Setiap kupon yang ditukarkan, akan dilubangi sebagai tanda jika roti sudah diambil oleh pejuang. Kupon ini berupa selembar kertas yang dibagi-bagi dalam kotak kecil yang diberi tanggal pengambilan roti. Jatah pengambilan roti adalah setiap pagi. Dan ini berlangsung selama setahun.
Sistem kupon ini dipakai mengingat ketersediaan roti sangat terbatas. Joni Mulyono mengatakan jika gandum sebagai bahan baku roti didapatkan dari para komandan gerilya.
Belum diketahui dari mana bahan gandum ini didapatkan. Ibaratnya, gandum disuplai dari komandan gerilya, Toko Bie Sing Ho yang mengolahnya menjadi roti dan membagikannya kepada para pejuang.
Meskipun cuma men-suplai roti tawar saja, tapi di saat itu sudah terbilang mewah mengingat itu terjadi di masa-masa sulit. Tetapi bagi para pejuang, selembar roti tawar bukan hanya untuk sekadar mengganjal perut saja, tetapi juga menjadi simbol ‘pengambilalihan kekuasaan’ dari Belanda ke Republik.
Roti adalah simbol ‘kebelandaan’ karena memang makanan ini menjadi makanan pokok orang Belanda. Simbol kaum Republik adalah ‘roti sumbu’ alias ketela atau singkong.
Peran Kwee Thwan Hie dalam membagikan selembar roti tawar mungkin dianggap kecil.

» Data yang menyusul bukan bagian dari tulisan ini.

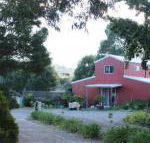 Dixiglen Farm - Whitsundays Accommodation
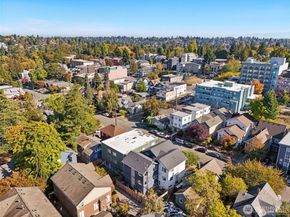 5257 Brooklyn Avenue NE, Seattle WA 98105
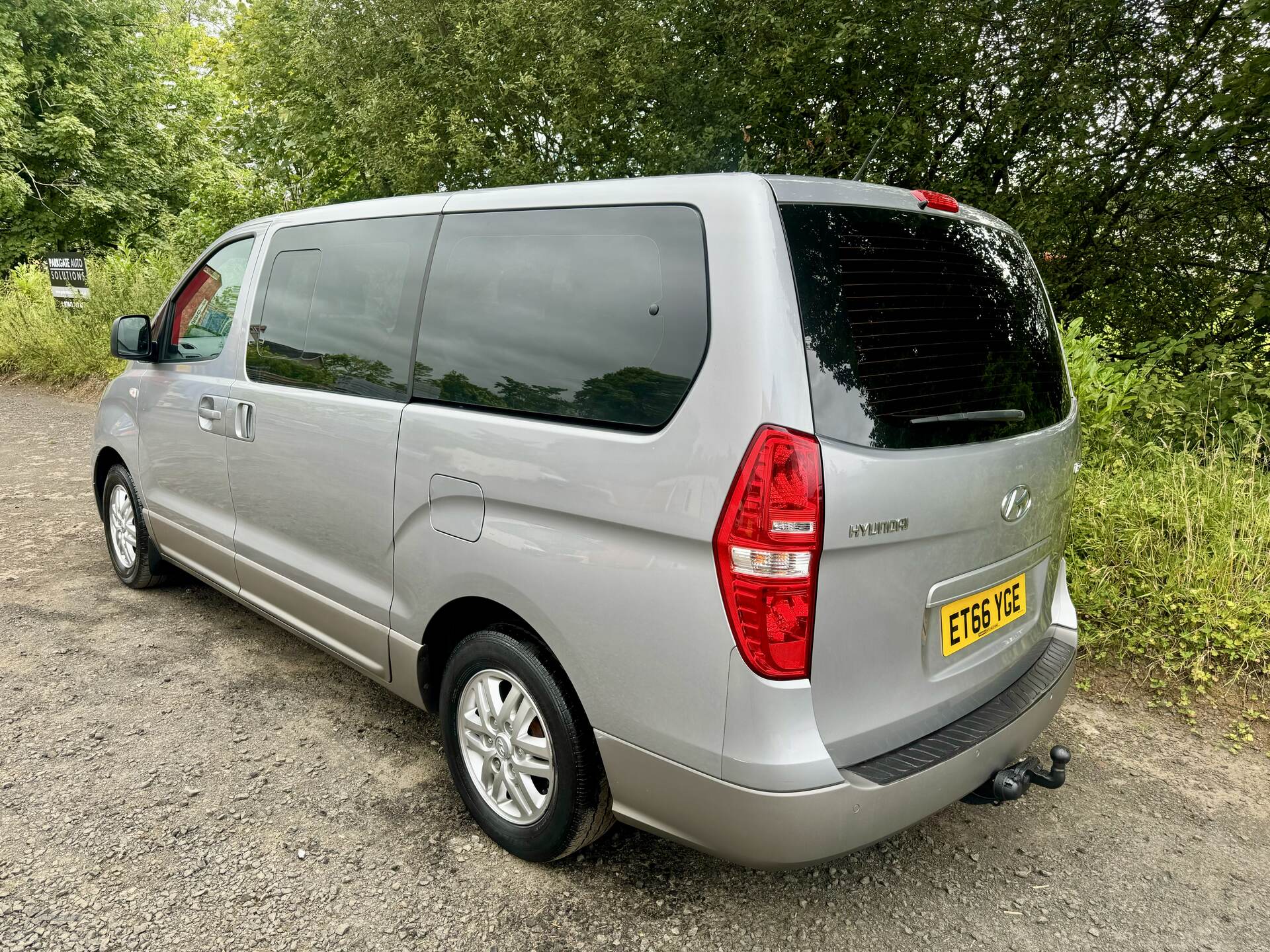 Feb 2017 Hyundai i800 2.5 CRDi [136] SE 5dr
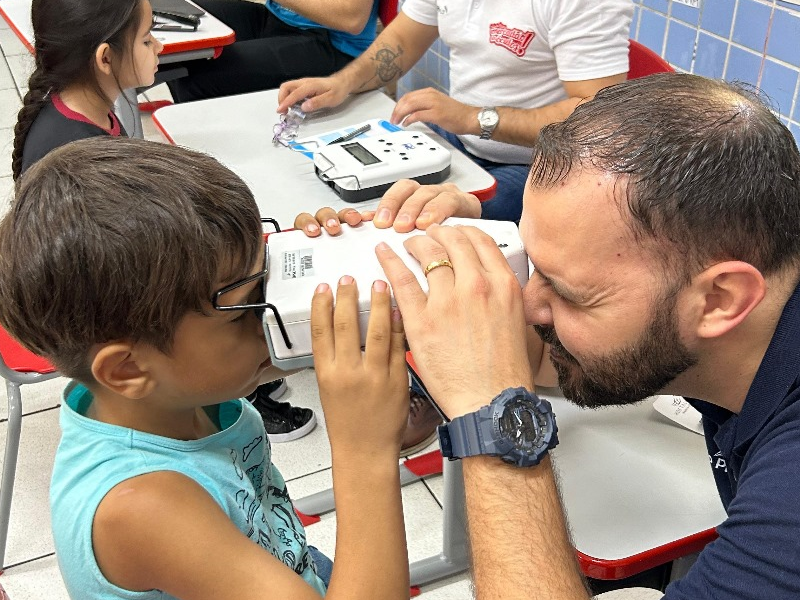 Crianças da rede municipal de Londrina recebem atendimento oftalmológico gratuito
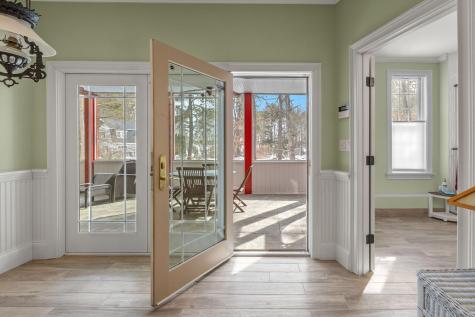 9 Horseshoe Bend Way Mashpee MA 02649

Mungkin saja perannya tak sehebat orang-orang Tionghoa lainnya yang mengangkat senjata melawan penjajah membela negeri ini.
Tetapi peran Toko Bie Sing Ho teramat pantas untuk dicatat dalam lembaran sejarah masa perjuangan di kota ini. Perannya tak bisa dilupakan begitu saja. Bagi Kwee Thwan Hie, roti tawar adalah simbol kecintaannya bagi negeri ini, Indonesia.